— Given material —
<<<<
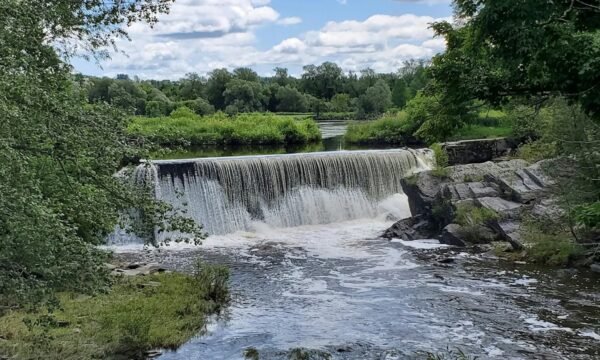 Parc du Vieux-Moulin de Martinville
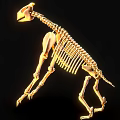 Light Colored Quadruped Mammal Skeleton On Black Background With Yellow Lighting Highlights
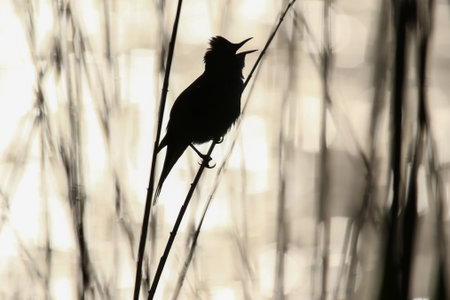 Bird silhouette rests on dried plants at tranquil spring duskの写真素材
>>>>
— Problem to solve —
Type the listing out again word for word, passing over each picture.

— Answer to this problem —
 Parc du Vieux-Moulin de Martinville
 Light Colored Quadruped Mammal Skeleton On Black Background With Yellow Lighting Highlights
 Bird silhouette rests on dried plants at tranquil spring duskの写真素材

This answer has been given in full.